(Collection entries)
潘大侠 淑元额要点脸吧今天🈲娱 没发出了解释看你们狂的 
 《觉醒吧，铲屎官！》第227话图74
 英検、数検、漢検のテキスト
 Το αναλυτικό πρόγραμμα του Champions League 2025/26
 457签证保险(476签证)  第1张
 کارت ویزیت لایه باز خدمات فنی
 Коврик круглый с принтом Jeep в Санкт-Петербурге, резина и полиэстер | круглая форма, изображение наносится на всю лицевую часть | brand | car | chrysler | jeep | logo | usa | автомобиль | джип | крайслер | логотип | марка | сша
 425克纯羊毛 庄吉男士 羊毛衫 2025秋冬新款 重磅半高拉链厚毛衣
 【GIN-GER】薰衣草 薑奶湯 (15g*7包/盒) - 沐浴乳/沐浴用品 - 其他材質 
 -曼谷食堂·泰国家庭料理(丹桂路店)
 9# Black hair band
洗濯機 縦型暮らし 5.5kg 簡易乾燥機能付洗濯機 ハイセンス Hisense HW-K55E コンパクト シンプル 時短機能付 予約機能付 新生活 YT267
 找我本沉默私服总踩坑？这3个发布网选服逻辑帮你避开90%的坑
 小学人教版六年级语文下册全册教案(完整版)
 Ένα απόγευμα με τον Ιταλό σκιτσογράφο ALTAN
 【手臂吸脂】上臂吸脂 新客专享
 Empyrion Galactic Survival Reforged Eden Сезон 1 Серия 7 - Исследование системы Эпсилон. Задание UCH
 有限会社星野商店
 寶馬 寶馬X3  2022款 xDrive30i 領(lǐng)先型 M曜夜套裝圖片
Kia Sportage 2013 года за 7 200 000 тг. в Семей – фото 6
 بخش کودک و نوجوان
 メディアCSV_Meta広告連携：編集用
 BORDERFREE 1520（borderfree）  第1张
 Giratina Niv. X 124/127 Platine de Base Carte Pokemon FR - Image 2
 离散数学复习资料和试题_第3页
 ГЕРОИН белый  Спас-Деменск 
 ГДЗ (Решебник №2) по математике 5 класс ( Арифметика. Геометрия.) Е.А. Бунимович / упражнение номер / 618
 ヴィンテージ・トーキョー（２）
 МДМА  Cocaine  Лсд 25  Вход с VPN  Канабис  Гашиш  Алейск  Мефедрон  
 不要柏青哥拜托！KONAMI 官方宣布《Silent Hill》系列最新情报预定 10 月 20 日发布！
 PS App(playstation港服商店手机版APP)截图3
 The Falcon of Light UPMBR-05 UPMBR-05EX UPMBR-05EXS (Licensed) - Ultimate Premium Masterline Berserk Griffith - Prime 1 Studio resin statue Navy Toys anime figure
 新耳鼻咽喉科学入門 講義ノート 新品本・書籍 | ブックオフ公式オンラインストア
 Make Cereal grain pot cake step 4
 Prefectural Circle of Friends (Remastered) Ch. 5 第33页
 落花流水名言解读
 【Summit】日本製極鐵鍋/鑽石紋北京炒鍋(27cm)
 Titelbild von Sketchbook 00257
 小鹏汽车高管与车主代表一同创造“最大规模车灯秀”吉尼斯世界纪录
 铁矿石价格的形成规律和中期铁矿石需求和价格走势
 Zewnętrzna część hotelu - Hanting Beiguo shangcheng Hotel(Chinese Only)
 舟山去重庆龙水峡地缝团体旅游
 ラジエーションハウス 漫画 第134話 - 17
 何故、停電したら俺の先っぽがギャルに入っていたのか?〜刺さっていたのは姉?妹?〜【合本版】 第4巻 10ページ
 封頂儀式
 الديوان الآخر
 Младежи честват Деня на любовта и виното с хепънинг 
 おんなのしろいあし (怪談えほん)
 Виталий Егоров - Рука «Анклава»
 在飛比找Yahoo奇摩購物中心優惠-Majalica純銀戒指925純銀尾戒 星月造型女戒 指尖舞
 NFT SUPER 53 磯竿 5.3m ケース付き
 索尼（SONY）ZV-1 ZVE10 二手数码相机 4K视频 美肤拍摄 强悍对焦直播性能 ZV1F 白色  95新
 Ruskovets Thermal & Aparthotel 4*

** Work task **
In the records above, copy exactly the lines from the one that contains "Zewnętrzna część hotelu" through the last, and nothing else.

** Task solution **
 Zewnętrzna część hotelu - Hanting Beiguo shangcheng Hotel(Chinese Only)
 舟山去重庆龙水峡地缝团体旅游
 ラジエーションハウス 漫画 第134話 - 17
 何故、停電したら俺の先っぽがギャルに入っていたのか?〜刺さっていたのは姉?妹?〜【合本版】 第4巻 10ページ
 封頂儀式
 الديوان الآخر
 Младежи честват Деня на любовта и виното с хепънинг 
 おんなのしろいあし (怪談えほん)
 Виталий Егоров - Рука «Анклава»
 在飛比找Yahoo奇摩購物中心優惠-Majalica純銀戒指925純銀尾戒 星月造型女戒 指尖舞
 NFT SUPER 53 磯竿 5.3m ケース付き
 索尼（SONY）ZV-1 ZVE10 二手数码相机 4K视频 美肤拍摄 强悍对焦直播性能 ZV1F 白色  95新
 Ruskovets Thermal & Aparthotel 4*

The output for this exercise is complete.